Collected data entries

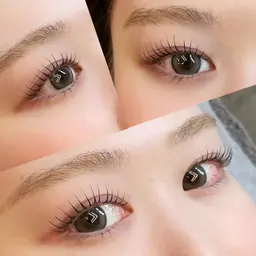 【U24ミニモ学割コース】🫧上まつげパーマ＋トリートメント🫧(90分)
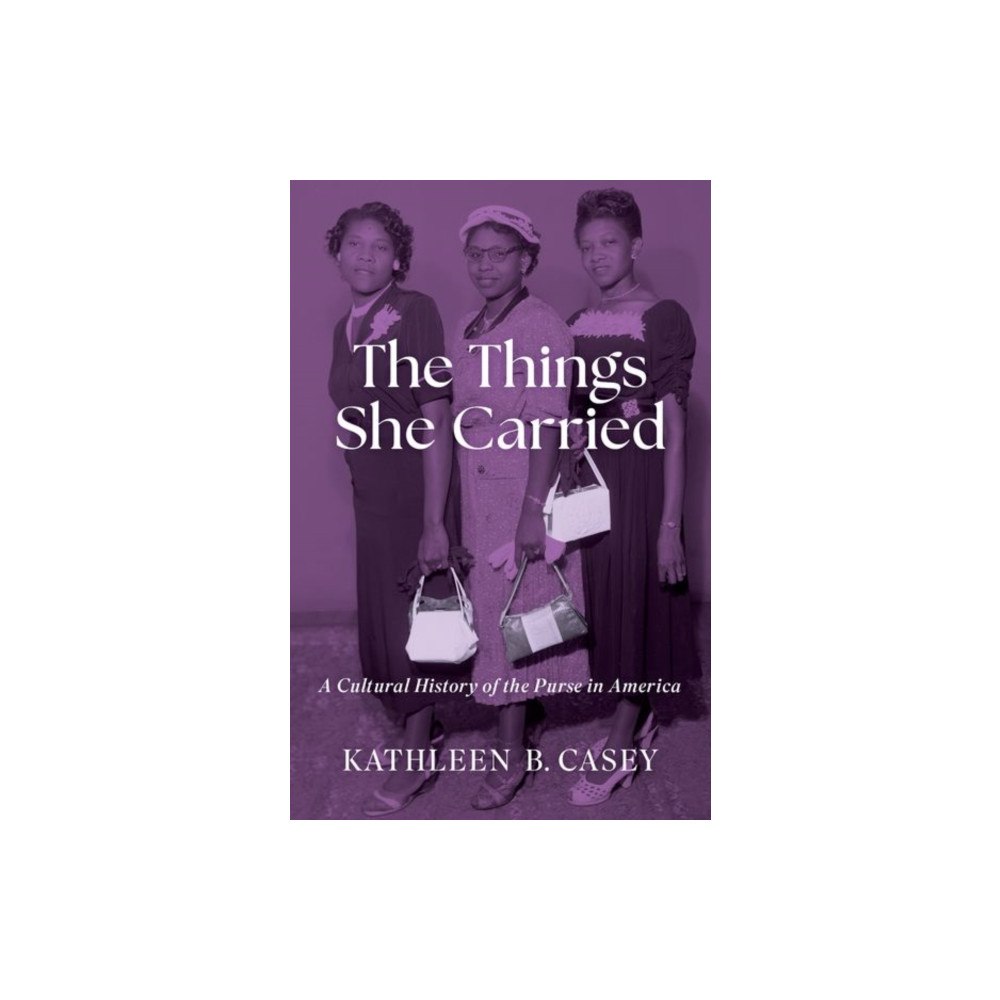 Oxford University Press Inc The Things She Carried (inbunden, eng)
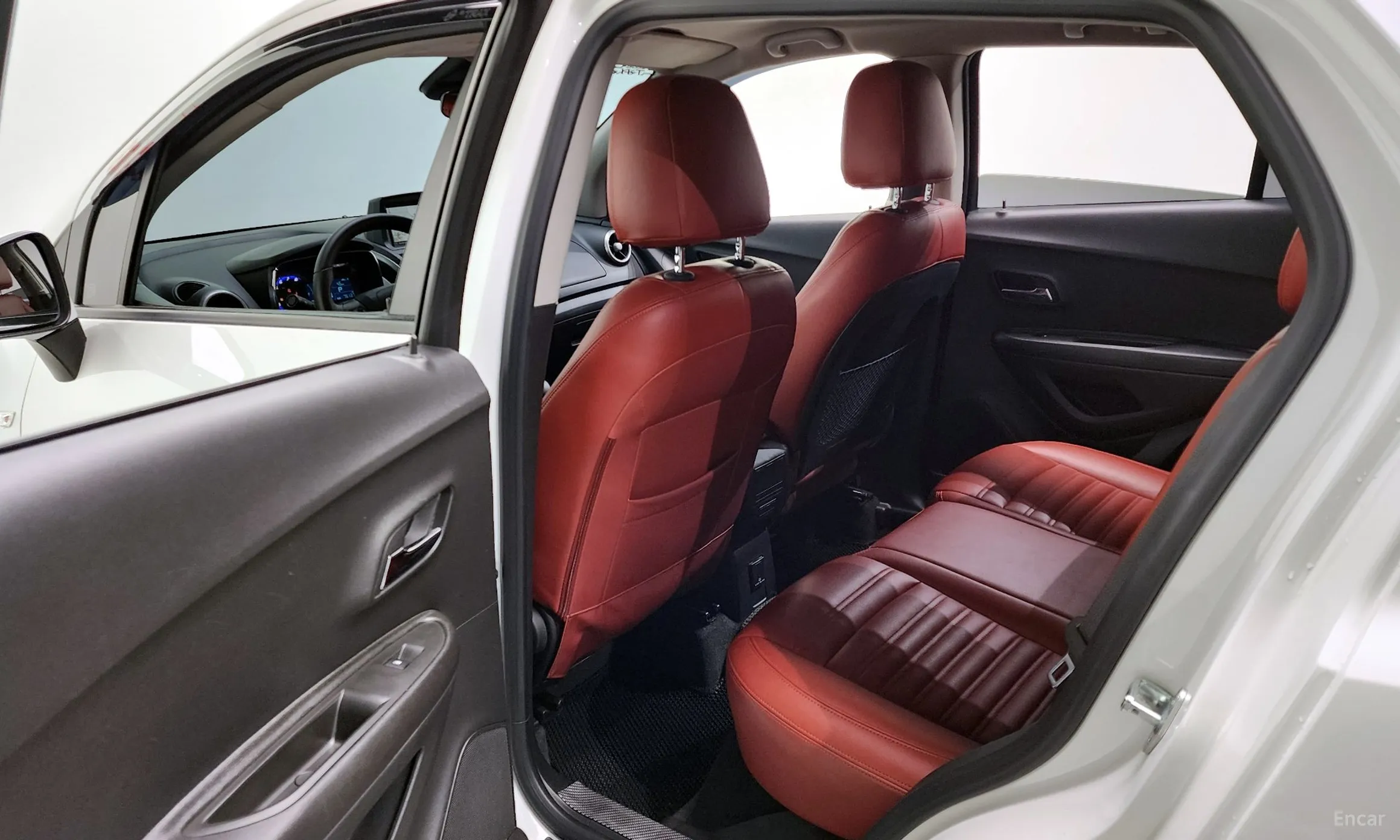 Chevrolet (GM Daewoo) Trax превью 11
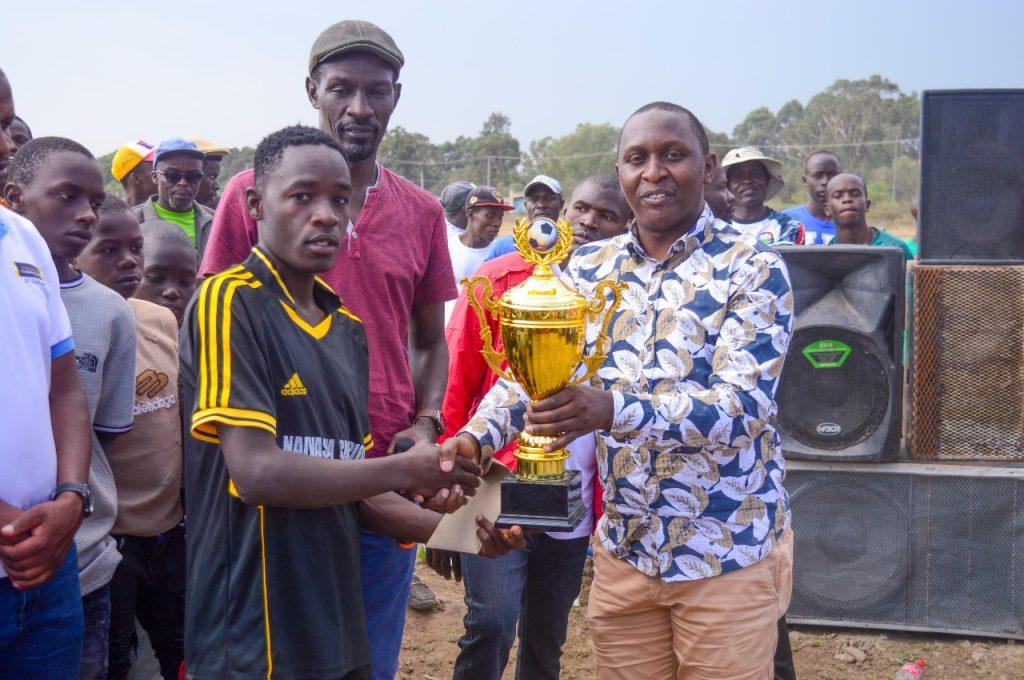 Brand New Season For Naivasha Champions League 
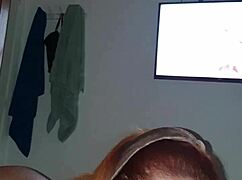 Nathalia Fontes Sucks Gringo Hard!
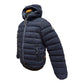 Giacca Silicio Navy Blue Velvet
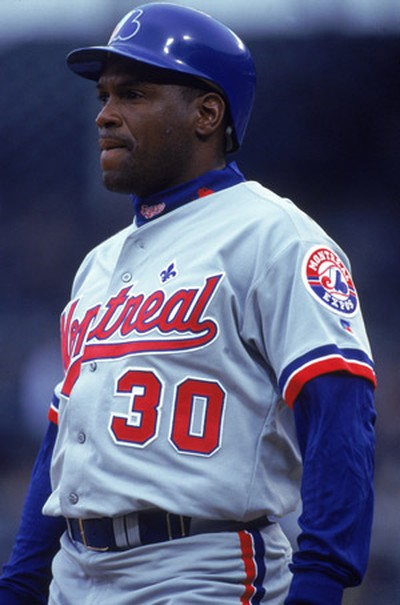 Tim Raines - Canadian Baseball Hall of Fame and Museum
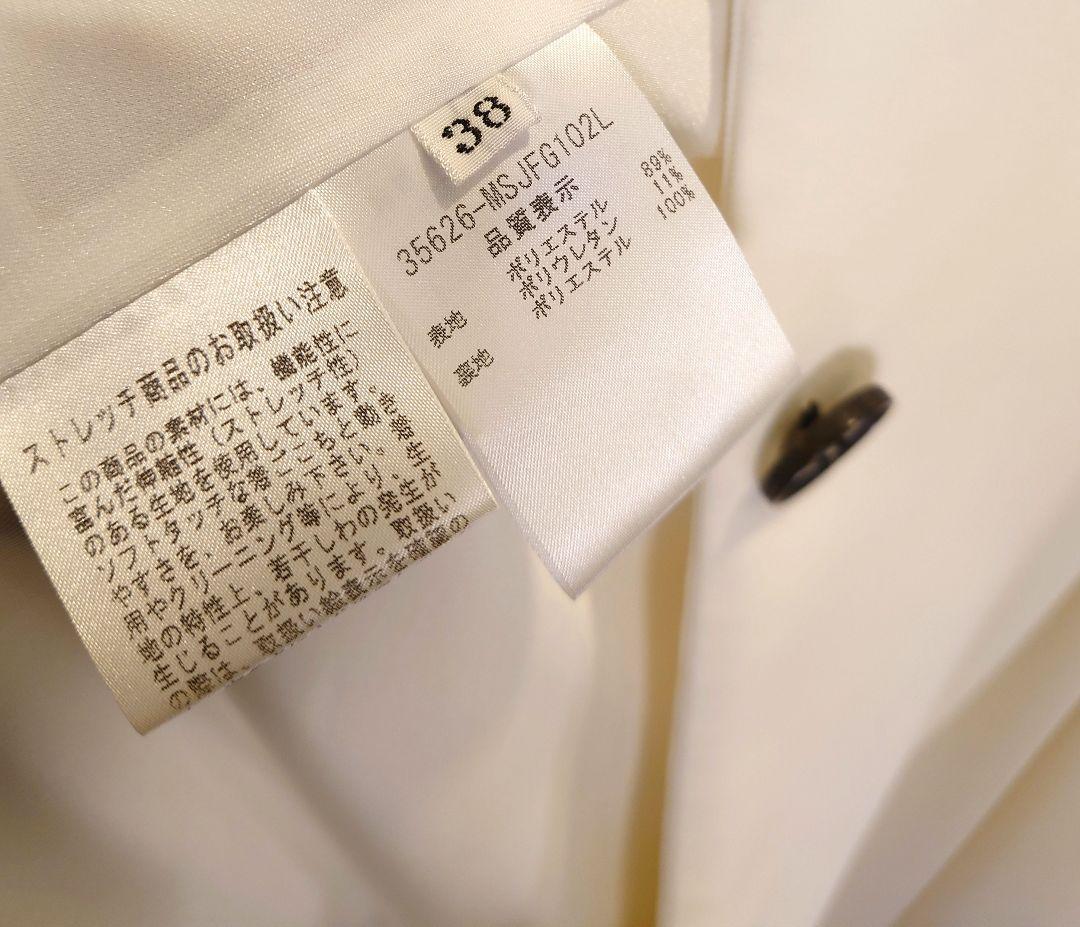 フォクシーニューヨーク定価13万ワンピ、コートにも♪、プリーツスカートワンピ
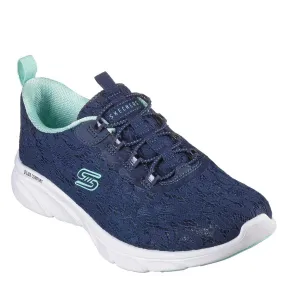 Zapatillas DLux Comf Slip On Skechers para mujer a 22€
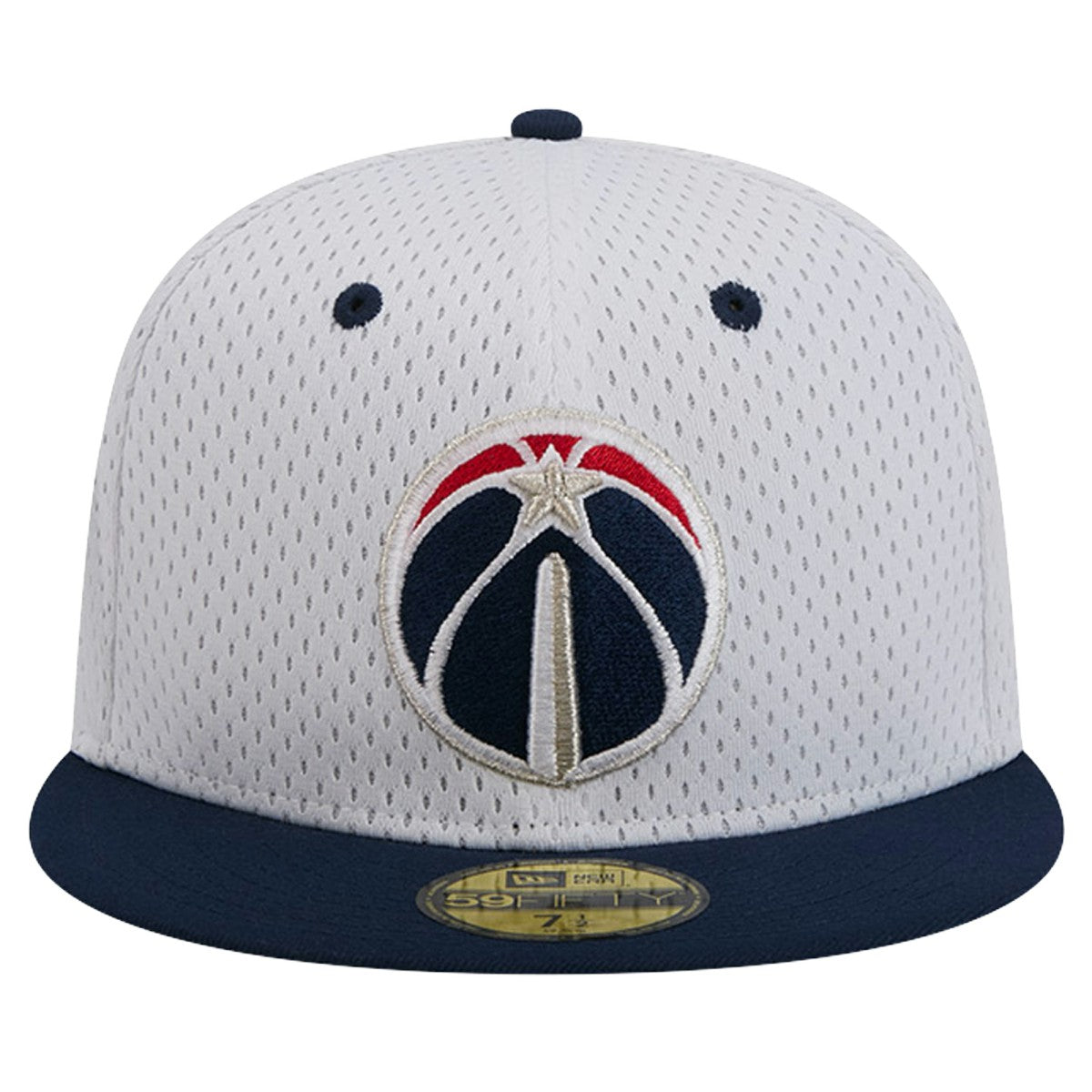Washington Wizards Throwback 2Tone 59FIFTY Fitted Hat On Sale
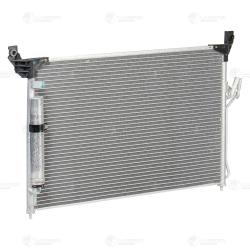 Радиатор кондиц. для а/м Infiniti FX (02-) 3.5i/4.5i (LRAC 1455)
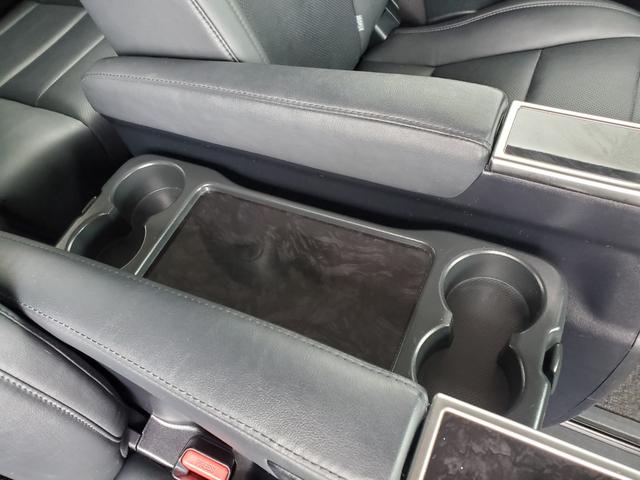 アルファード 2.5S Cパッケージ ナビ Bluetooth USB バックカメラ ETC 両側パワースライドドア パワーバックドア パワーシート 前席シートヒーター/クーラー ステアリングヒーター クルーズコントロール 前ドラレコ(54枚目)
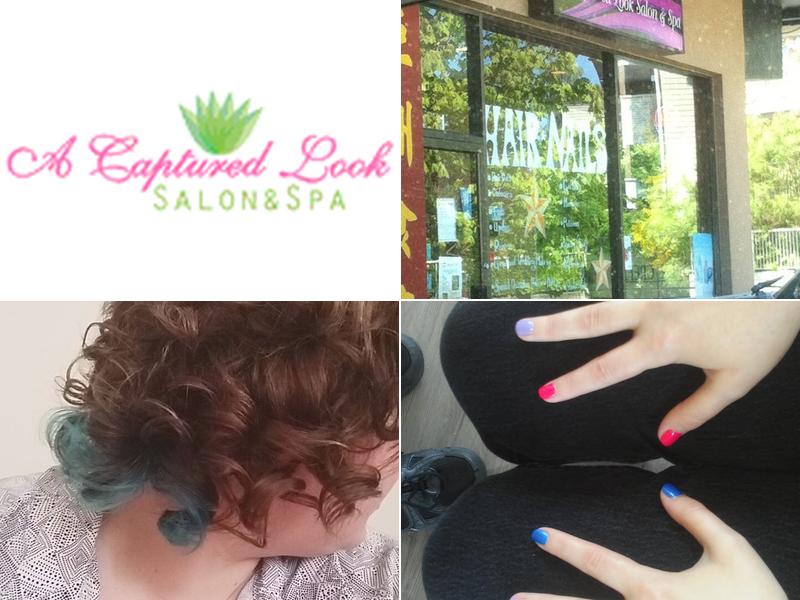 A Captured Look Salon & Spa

#### [About this task]
In the data above, find the line with "Oxford University Press" and repeat it and every line after it through the end, exactly; leave the pictures out.

#### [Exercise response]
 Oxford University Press Inc The Things She Carried (inbunden, eng)
 Chevrolet (GM Daewoo) Trax превью 11
 Brand New Season For Naivasha Champions League 
 Nathalia Fontes Sucks Gringo Hard!
 Giacca Silicio Navy Blue Velvet
 Tim Raines - Canadian Baseball Hall of Fame and Museum
 フォクシーニューヨーク定価13万ワンピ、コートにも♪、プリーツスカートワンピ
 Zapatillas DLux Comf Slip On Skechers para mujer a 22€
Washington Wizards Throwback 2Tone 59FIFTY Fitted Hat On Sale
 Радиатор кондиц. для а/м Infiniti FX (02-) 3.5i/4.5i (LRAC 1455)
 アルファード 2.5S Cパッケージ ナビ Bluetooth USB バックカメラ ETC 両側パワースライドドア パワーバックドア パワーシート 前席シートヒーター/クーラー ステアリングヒーター クルーズコントロール 前ドラレコ(54枚目)
 A Captured Look Salon & Spa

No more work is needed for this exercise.